The Early Years: 1860's ~ 1920's
In the year 1879, the first Portuguese arrived in Hawaii. Included among the many things they brought from their native land was a small stringed instrument called the Portuguese Braga, sometimes also referred to as a Braguiñha.
In that same year, a ship named the "Ravenscrag" arrived in Hawaii from Portugal. The ship carried about 400 men, women and children from Madeira, an island off the coast of Portugal. In that first group of first arrivals were three musical instrument makers, Augusto Diaz, Manuel Nunes (pictured at left), and José do Espirito Santo.
Each one of these men has been credited, at one time or another, with taking the braguiñha and modifying it into the instrument we know today as the 'ukulele. The instrument has now become as much of the Hawaiian culture as the pineapple.
Also on board the "Ravenscrag" was a musician named Joaõ Fernandez. One popular belief is that when the ship arrived in Honolulu harbour, Fernandez jumped onto the wharf and began singing and strumming lively Portuguese folk songs. The Hawaiian people were noticeably moved by the performance and were immediately taken by the small stringed instrument he was playing.

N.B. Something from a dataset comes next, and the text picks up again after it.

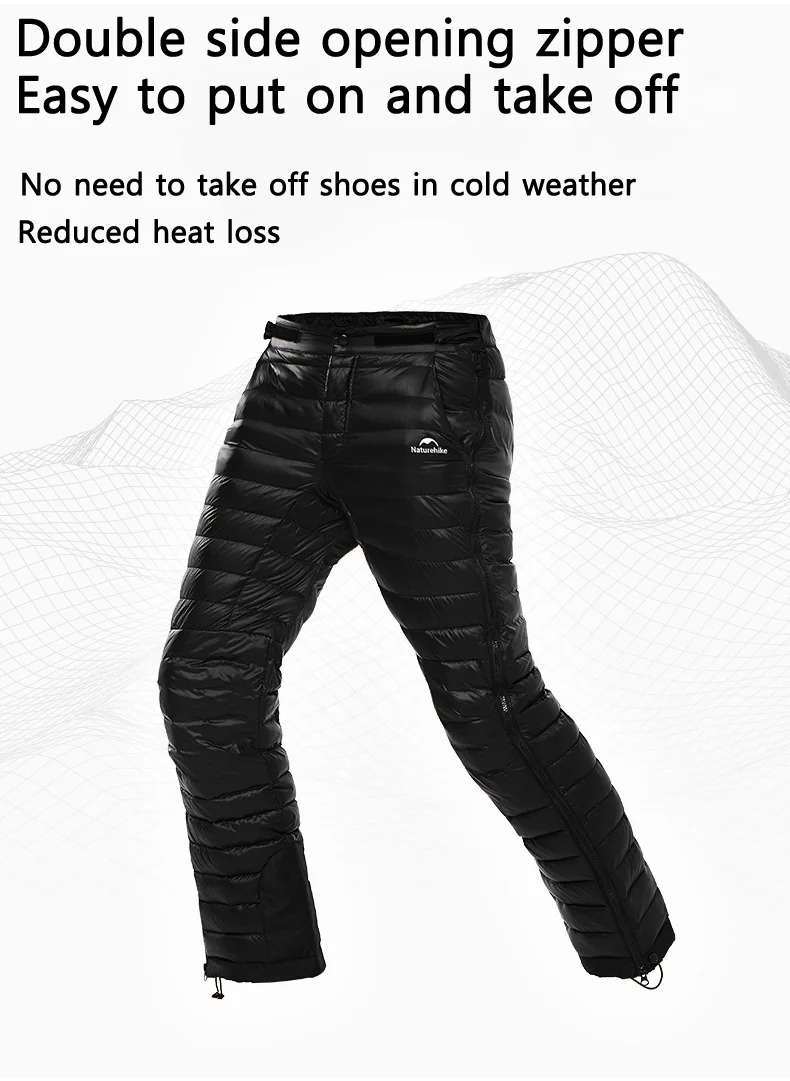 Description Picture 3 of itemNaturehike Duck Down Pants Men's Women's Puffy Pants Winter Warm Outdoor Men Women Ski Snow Pants Camping Hiking Thermal Pants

How die the 'ukulele get its name? According to a pamphlet at the Bishop Museum:
"The instrument was heard one day by Edward Purvis, a British army officer who was Vice-Chamberlain of King Kalakaua's court. He was delighted with the size and the sound and asked to be taught, and soon he was playing for various court functions.
Because of Mr. Purvis' small build and his lively antics while performing on the instrument. he was compared to a jumping flea. The Hawaiians, fond of nicknames, called him "ukulele". (Uku meaning flea, and Lele meaning jumping). The instrument was an instant success and even King Kalakaua learned to play it."